To me, that is what international hospitality is supposed to mean. Guests in such a hotel should also accept that they may encounter people from other countries, generations and backgrounds whose appearance differs from what they are used to at home. That is part of staying in an international hotel. Instead, I was made to feel that my harmless appearance was the problem, simply because others might not like it.
That is why this did not feel like cultural sensitivity. It felt like exclusion.
I am a very well travelled guest who spends many weeks each year in hotels, most of them five star properties, and I have travelled extensively across Asia, including Japan, Korea, Thailand, Taiwan, Vietnam and Malaysia, among others. I have never before been excluded from sauna or wellness facilities because of a few small, harmless tattoos. That is exactly why this experience felt so extraordinary and so upsetting.
I also know from personal experience that this is not simply unavoidable in Korea. During previous stays at other upscale hotels in South Korea, including Lahan Select Gyeongju and Mondrian Seoul Itaewon, I did not encounter this issue when using wellness facilities. That only reinforces my impression that this is not some inevitable national reality, but a policy choice.
Only after that did the emotional impact of the situation fully set in. From that point on, I no longer felt truly comfortable in the hotel. Even though the staff continued to be polite, and even though the property itself remained beautiful, I found myself walking through the building differently, avoiding interaction where possible, and carrying the feeling of exclusion with me throughout the remainder of my stay. Instead of feeling relaxed on holiday, I felt uncomfortable in a place for which I had paid a premium.
That, for me, is a very serious hospitality failure.
The hotel did respond to my complaint in a polite and increasingly thoughtful manner, and I do acknowledge that. In a later reply, management recognised that the policy had made me feel unwelcome, admitted that it did not align with the level of guest satisfaction the hotel aims to offer, and stated that my feedback had already been passed on to leadership as part of a discussion about whether the sauna guidelines should be softened or reconsidered altogether. I appreciate that this appears to have triggered internal reflection. However, for me, the core issue remains unchanged: the policy was still enforced during my stay, the experience was still overshadowed by that exclusion, and the damage to the sense of welcome had already been done.
I also used the spa for a massage and, to be fair, the treatment itself was very good. I cannot fault the quality of the massage.

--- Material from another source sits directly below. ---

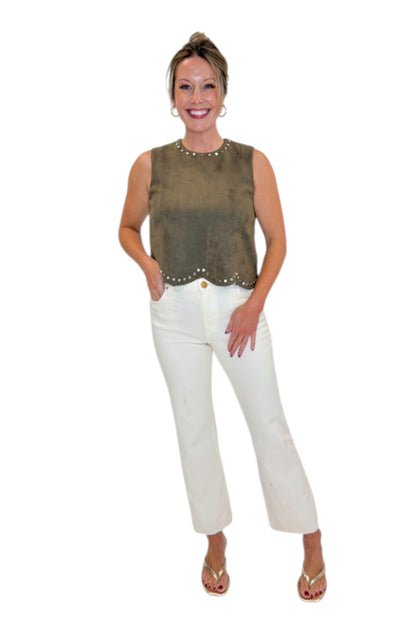 Front view of woman wearing Swagger Boutique’s Olive Suede Stud Tank with Kelsey Ecru Jeans against white studio background.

That is ultimately my problem with SIGNIEL BUSAN. On the surface, much of it is done well. The staff are kind. The room is excellent. The property is attractive and polished. Had the sauna incident not happened, I could easily have imagined rating this hotel very highly.
But it did happen, and I cannot separate the stay from the way it made me feel afterwards.
A hotel experience is not only about the room or the view. It is about whether a guest feels welcome, comfortable and able to enjoy their stay. In my case, the tattoo exclusion overshadowed everything else so completely that all the positive aspects receded into the background.
For that reason, I am leaving a very low rating. Not because every element of the hotel was bad, but because one exclusionary policy, and the hotel’s decision to enforce it, were enough to undermine the sense of welcome that should be at the heart of hospitality.